▶ [Description of the task] Please repeat the lines below, exactly and only, from the one that holds "Turtle Wax - Hybrid" through the one that holds "Bouton de serrage".

**** Source information

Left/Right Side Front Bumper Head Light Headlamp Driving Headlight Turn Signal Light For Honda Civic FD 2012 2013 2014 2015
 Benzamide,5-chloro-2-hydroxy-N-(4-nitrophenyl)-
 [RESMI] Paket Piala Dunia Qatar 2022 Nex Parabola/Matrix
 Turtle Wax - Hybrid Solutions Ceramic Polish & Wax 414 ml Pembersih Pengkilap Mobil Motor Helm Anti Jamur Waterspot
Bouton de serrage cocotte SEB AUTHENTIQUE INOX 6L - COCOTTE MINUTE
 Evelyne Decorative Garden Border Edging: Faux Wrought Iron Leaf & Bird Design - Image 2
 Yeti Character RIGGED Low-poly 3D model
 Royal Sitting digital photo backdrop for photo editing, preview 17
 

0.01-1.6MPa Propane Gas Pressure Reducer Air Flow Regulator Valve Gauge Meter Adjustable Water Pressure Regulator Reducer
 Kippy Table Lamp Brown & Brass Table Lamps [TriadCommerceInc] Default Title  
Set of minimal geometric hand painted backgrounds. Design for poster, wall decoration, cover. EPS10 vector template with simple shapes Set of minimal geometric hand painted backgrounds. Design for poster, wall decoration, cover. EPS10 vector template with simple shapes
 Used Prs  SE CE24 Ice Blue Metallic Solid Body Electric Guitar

********

▶ [Solution]
 Turtle Wax - Hybrid Solutions Ceramic Polish & Wax 414 ml Pembersih Pengkilap Mobil Motor Helm Anti Jamur Waterspot
Bouton de serrage cocotte SEB AUTHENTIQUE INOX 6L - COCOTTE MINUTE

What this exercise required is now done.